===== Supplied data =====

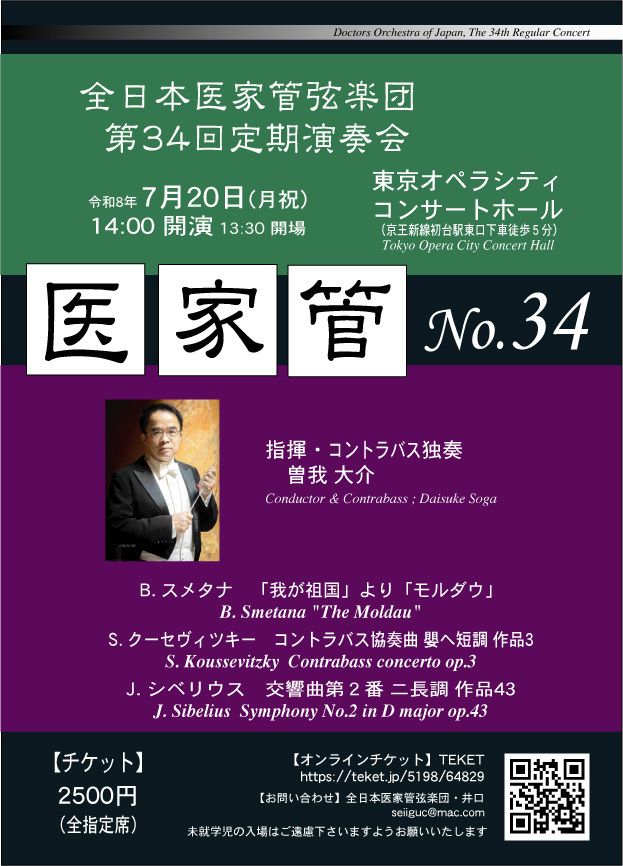 全日本医家管弦楽団第34回定期演奏会【全日本医家管弦楽団】 | 東京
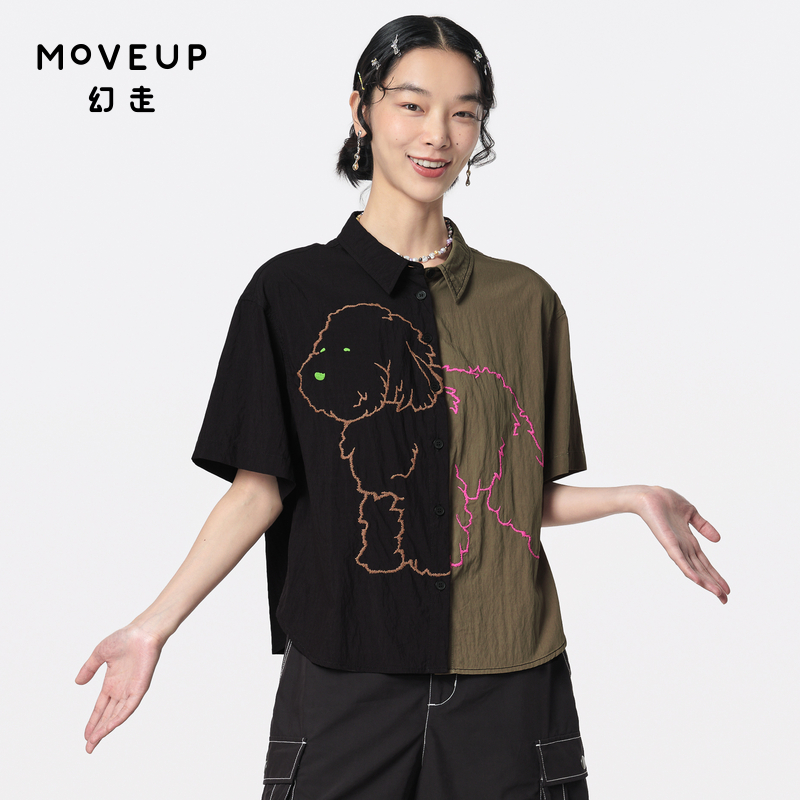 MOVEUP幻走2025夏季撞色小狗绣花设计短款衬衣休闲短袖衬衫女上衣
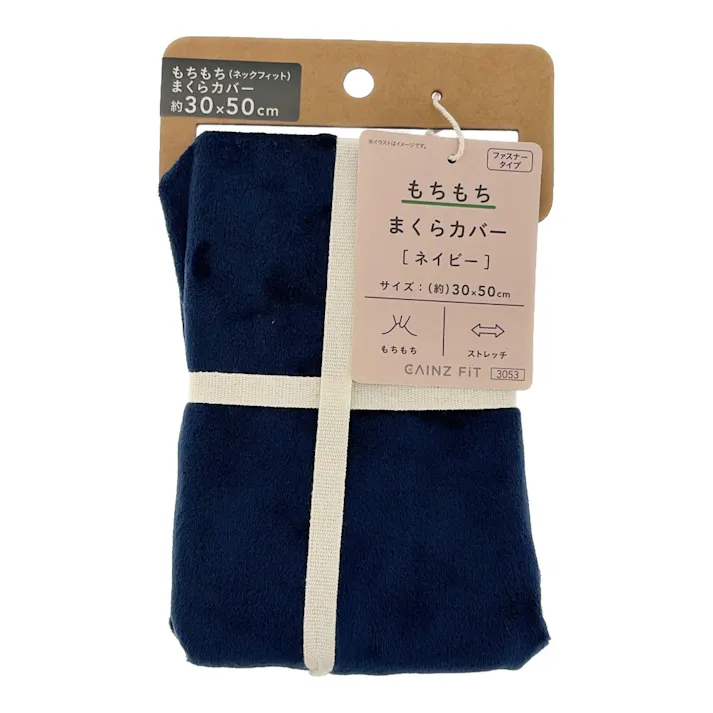 もちもち まくらカバー ネイビー 30×50cm※カバーのみ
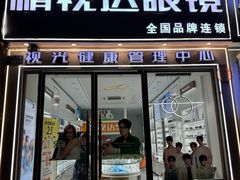 -精视达眼镜•专业儿童配镜中心(学府大道店)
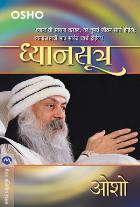 DHYAN SUTRA BY OSHO MADHAV KARVE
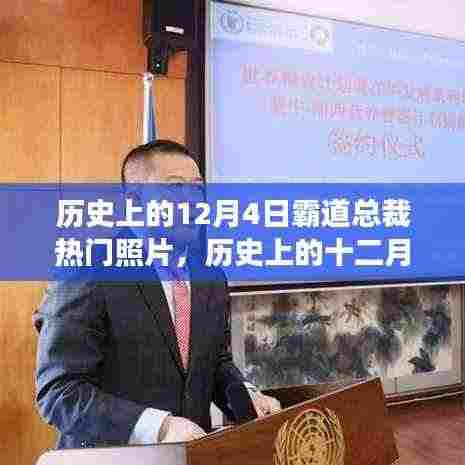历史上的十二月四日,霸道总裁热门照片背后的故事与多维视角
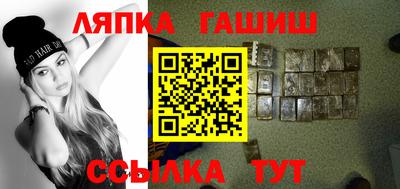 стаф Балашиха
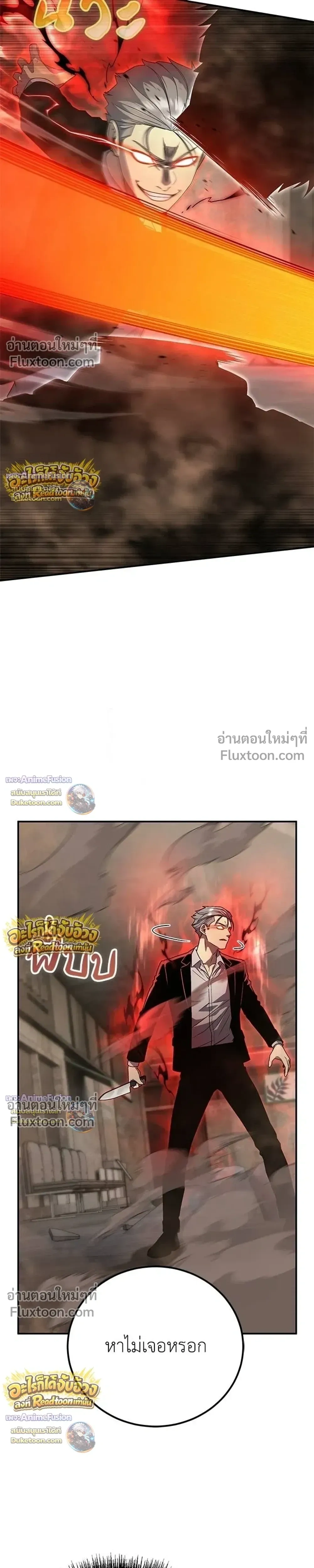 หน้าที่ 35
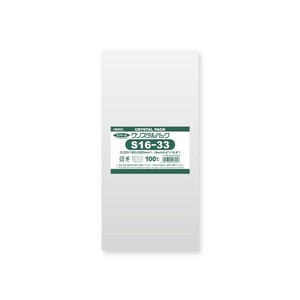 OPP Bags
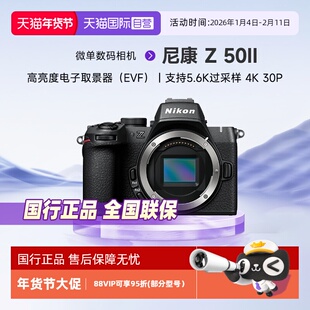 【自营】Nikon/尼康Z502二代II微单数码相机学生家用旅游vlog相机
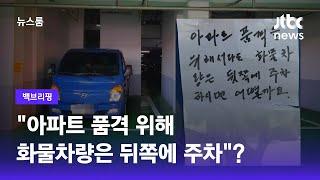 [백브리핑] "화물차량은 뒤쪽에 주차"…차종이 아파트의 품격을 가른다? / JTBC 뉴스룸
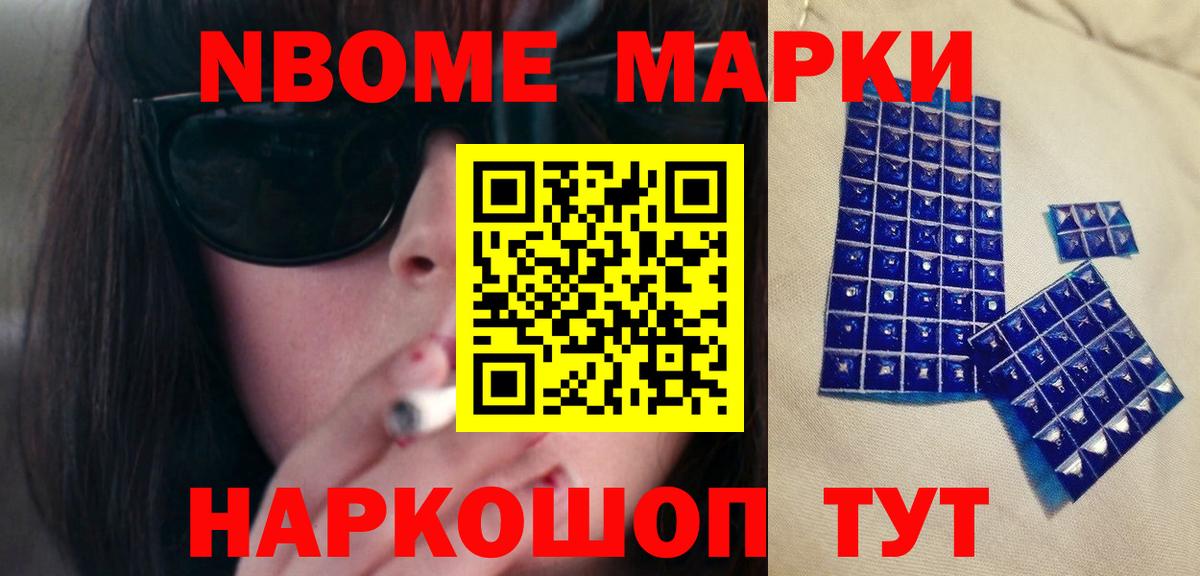 LSD-25 экстази ecstasy Гулькевичи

=====

- [The problem]
Please reproduce the records above exactly, leaving out every picture.

- [Written response]
 全日本医家管弦楽団第34回定期演奏会【全日本医家管弦楽団】 | 東京
 MOVEUP幻走2025夏季撞色小狗绣花设计短款衬衣休闲短袖衬衫女上衣
 もちもち まくらカバー ネイビー 30×50cm※カバーのみ
 -精视达眼镜•专业儿童配镜中心(学府大道店)
 DHYAN SUTRA BY OSHO MADHAV KARVE
历史上的十二月四日,霸道总裁热门照片背后的故事与多维视角
 стаф Балашиха
 หน้าที่ 35
 OPP Bags
 【自营】Nikon/尼康Z502二代II微单数码相机学生家用旅游vlog相机
 [백브리핑] "화물차량은 뒤쪽에 주차"…차종이 아파트의 품격을 가른다? / JTBC 뉴스룸
 LSD-25 экстази ecstasy Гулькевичи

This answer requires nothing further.